→ **REQUIRED ACTION**
Exactly as they appear, copy the lines from the one holding "4 seater Yamaha" through the end of the records, leaving pictures out.

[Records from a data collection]
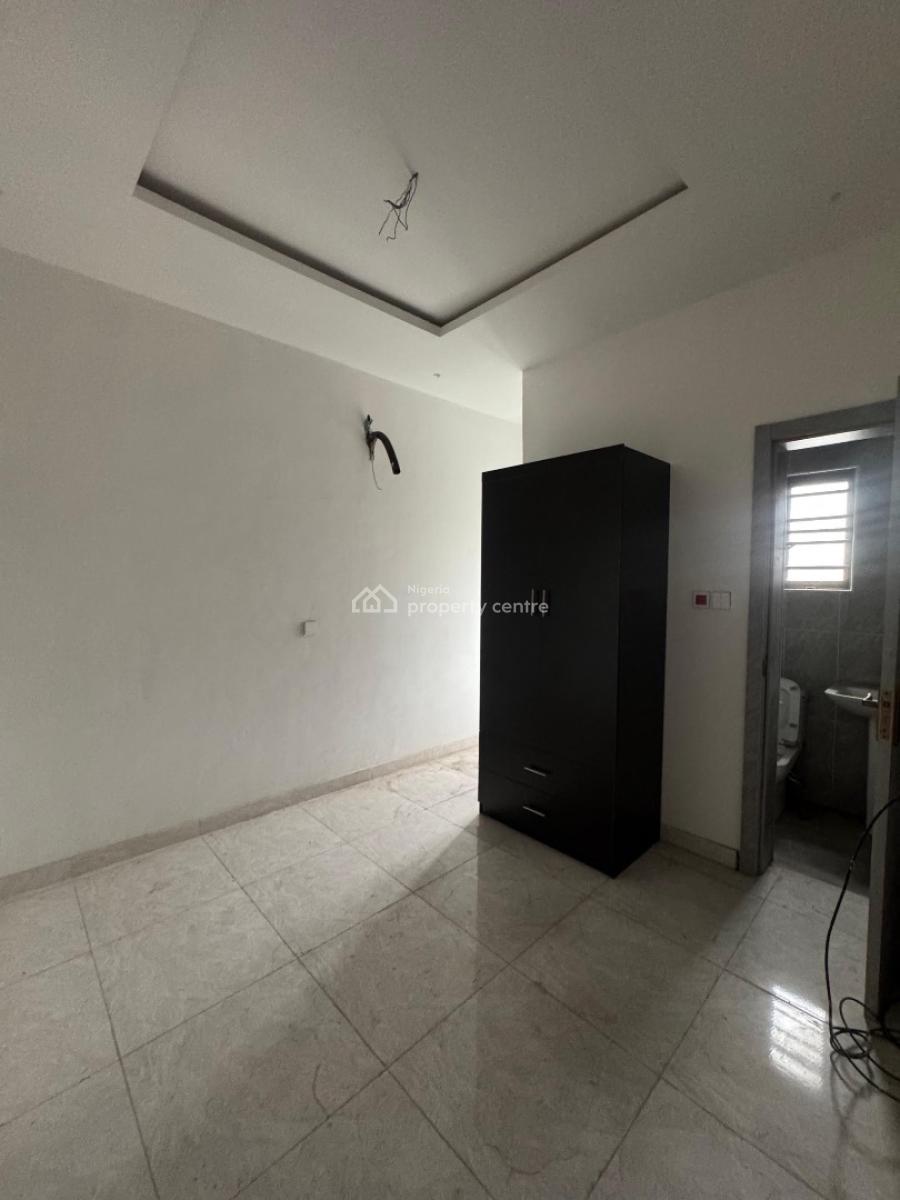 Luxury 3-bedroom Terrace Duplex with Excellent Facility, Ologolo, Lekki, Lagos, Terraced Duplex for Rent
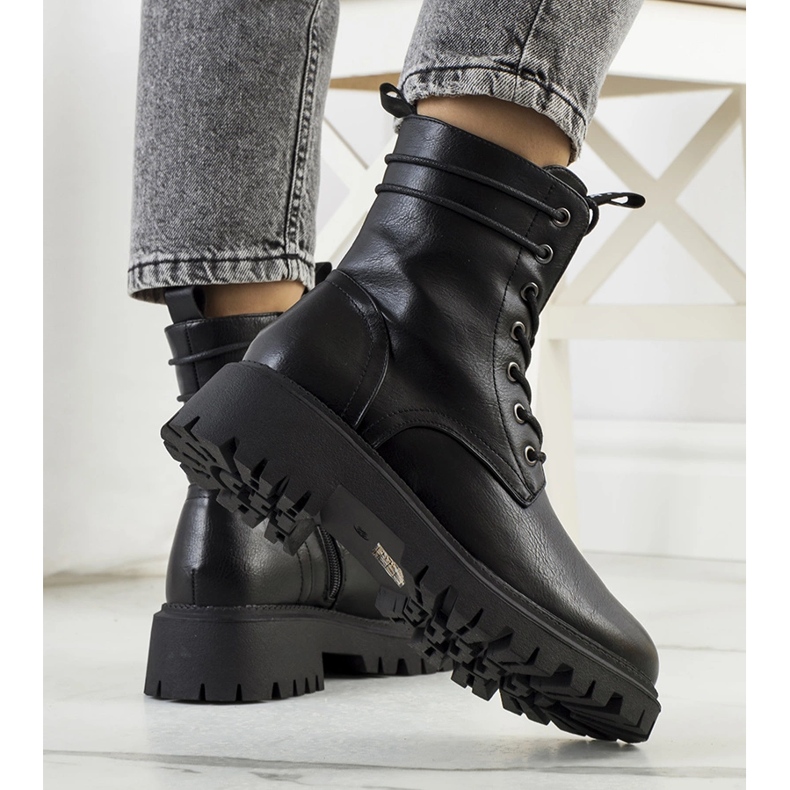 Aleida black trappers 1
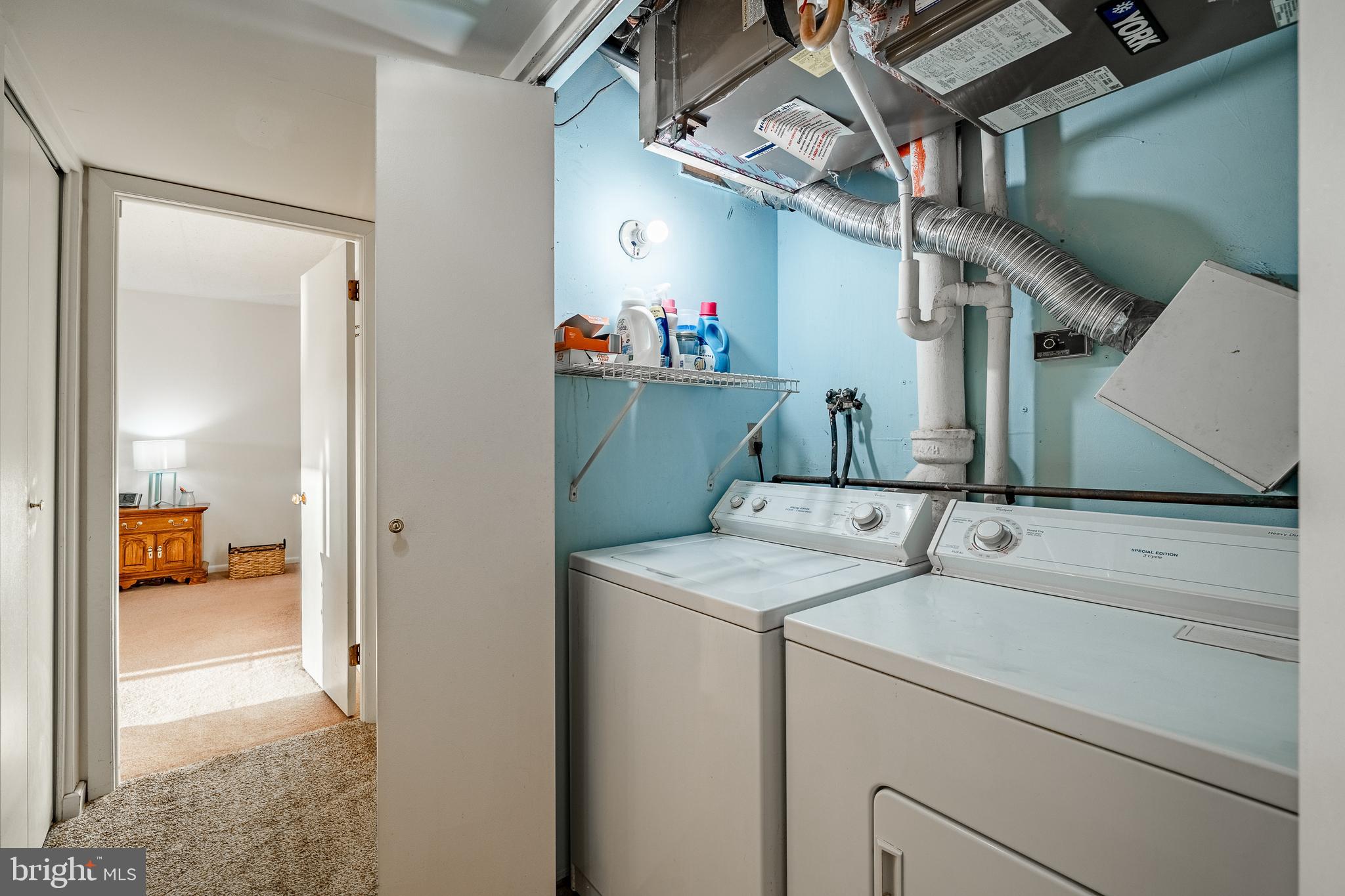 VALLEY FORGE TOWER - Residential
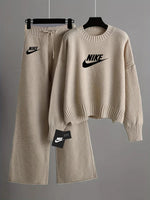 Nike - women set for winter
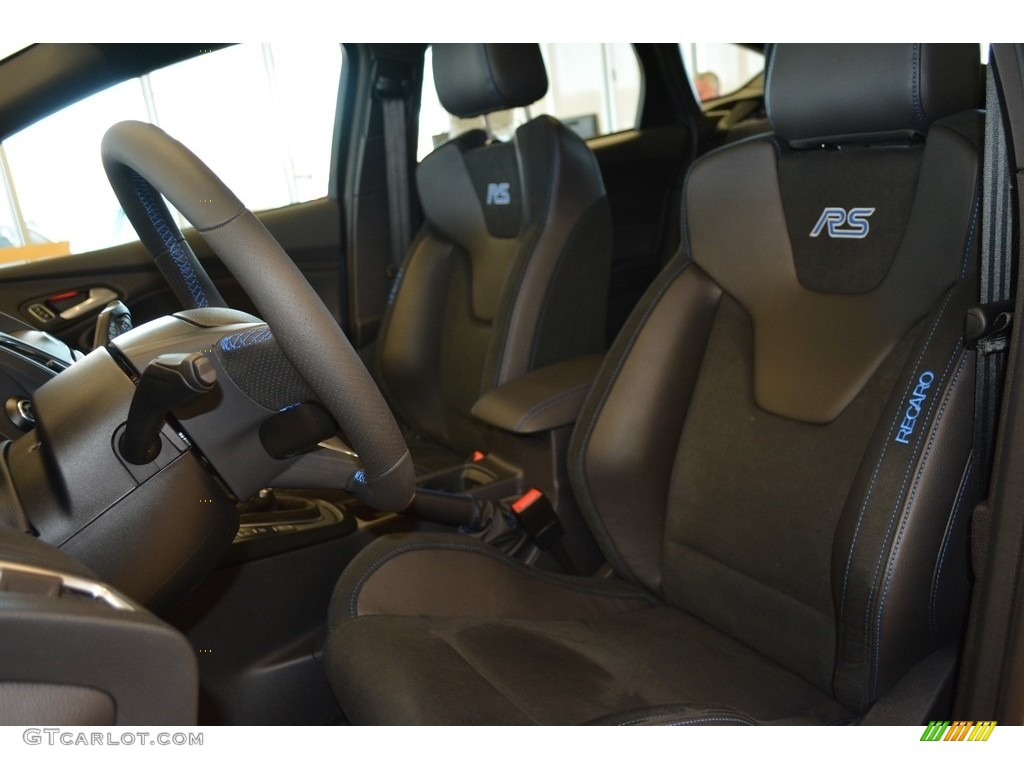 2017 Ford Focus RS Hatch Front Seat Photo #118752551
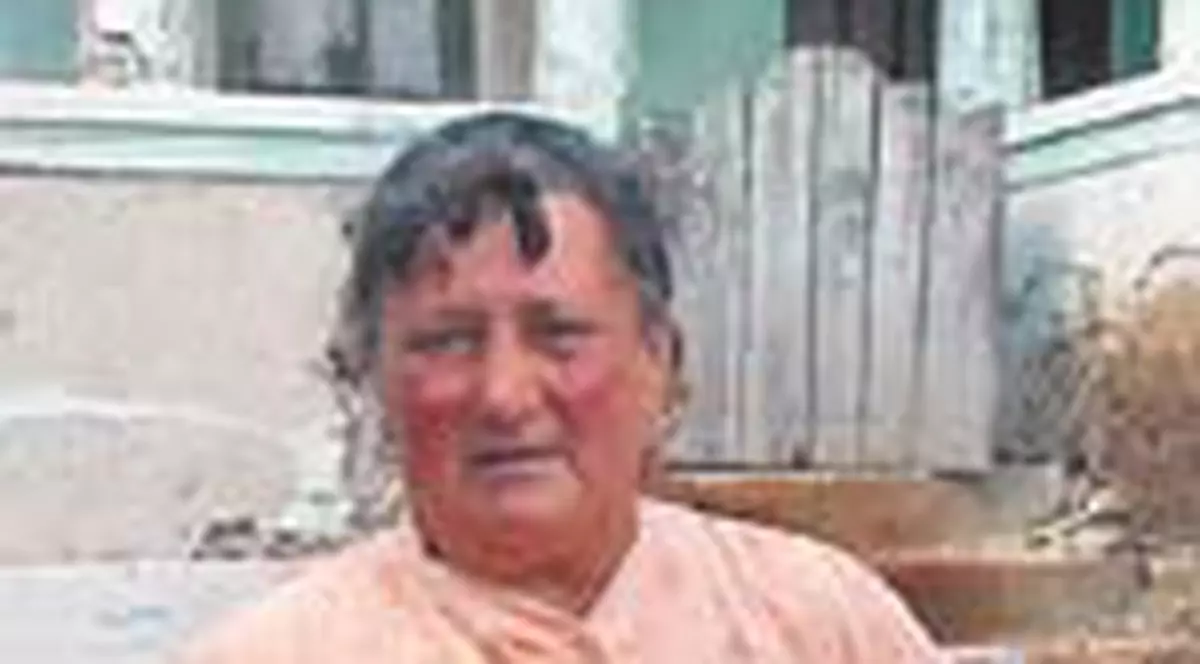 'I-am gasit spanzurati de grinda'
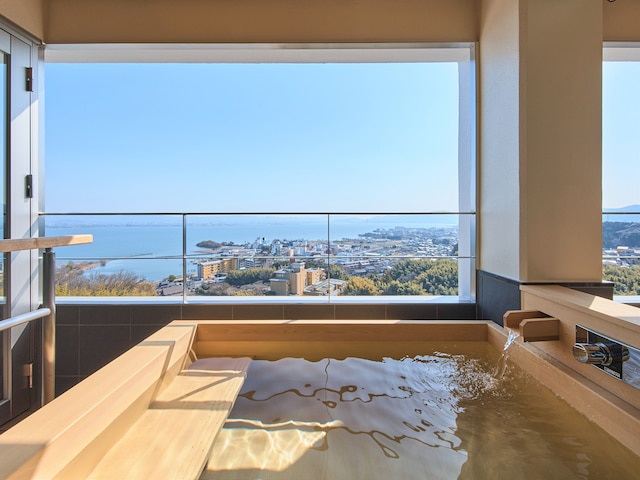 里湯昔話 雄山荘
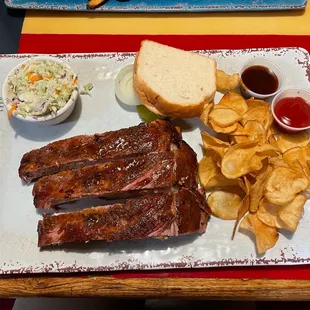 Pork ribs with cole slaw and house made chips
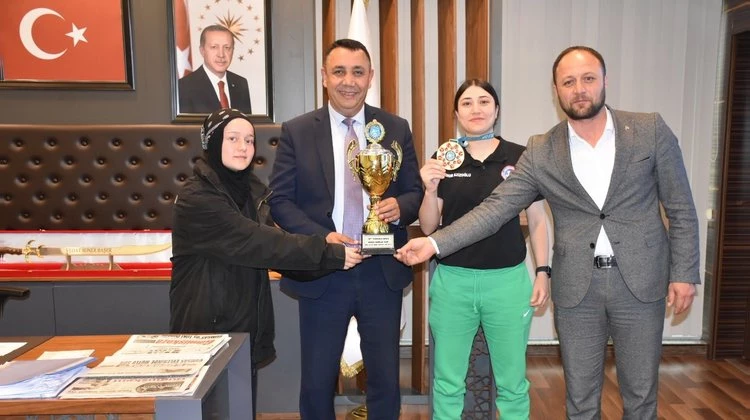 BAŞKANIMIZ, FEYZANUR AZİZOĞLU VE KELKİT İLÇE BAŞKANIMIZ ŞAHİN DEMİR’E ZİYARETLERİ İÇİN TEŞEKKÜR ETTİ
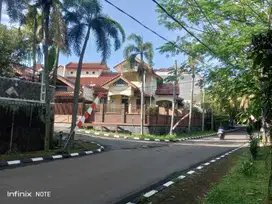 PESONA KHAYANGAN, NJOP 3,9 M, Jual murah, rumah di pusat Kota Depok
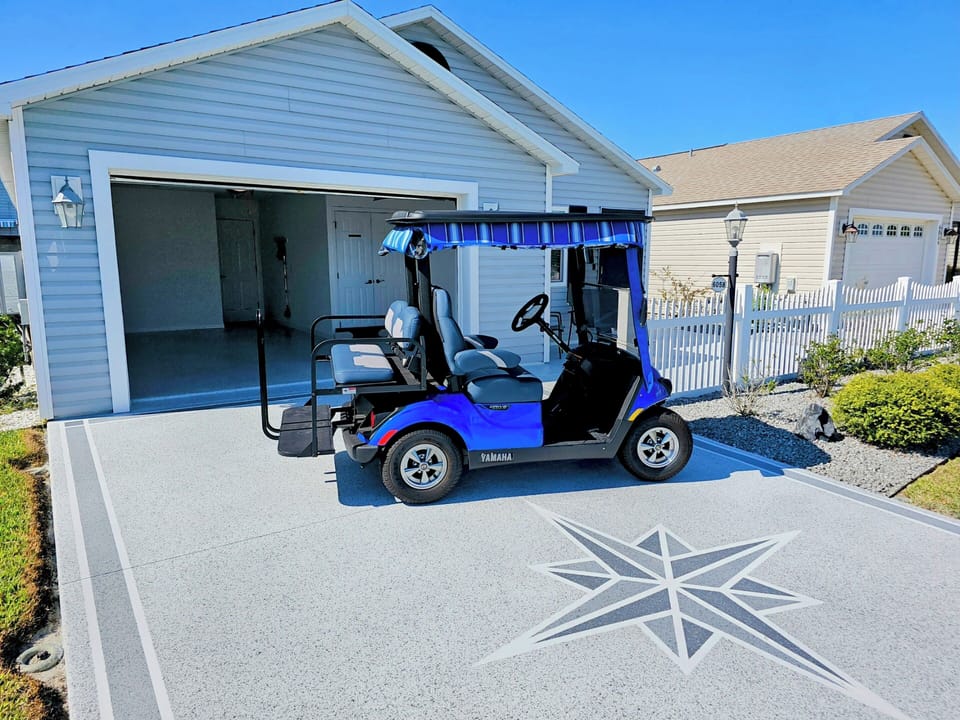 4 seater Yamaha quiet tech golf cart for your enjoyment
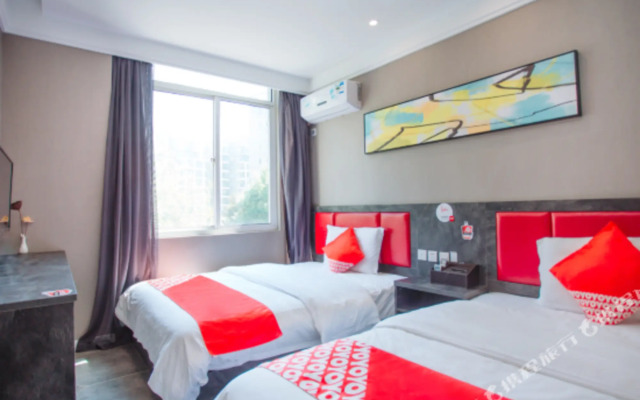 Yichang Yiwan Theme Hotel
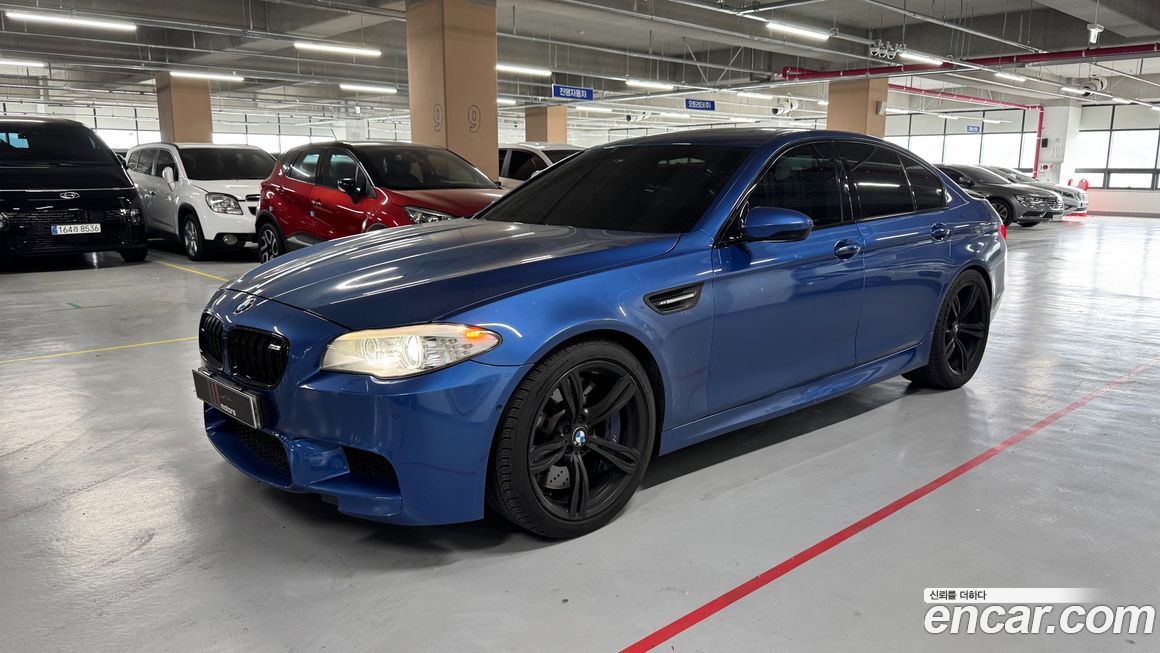 BMW M5 2013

→ **ANSWER BOX**
 4 seater Yamaha quiet tech golf cart for your enjoyment
 Yichang Yiwan Theme Hotel
 BMW M5 2013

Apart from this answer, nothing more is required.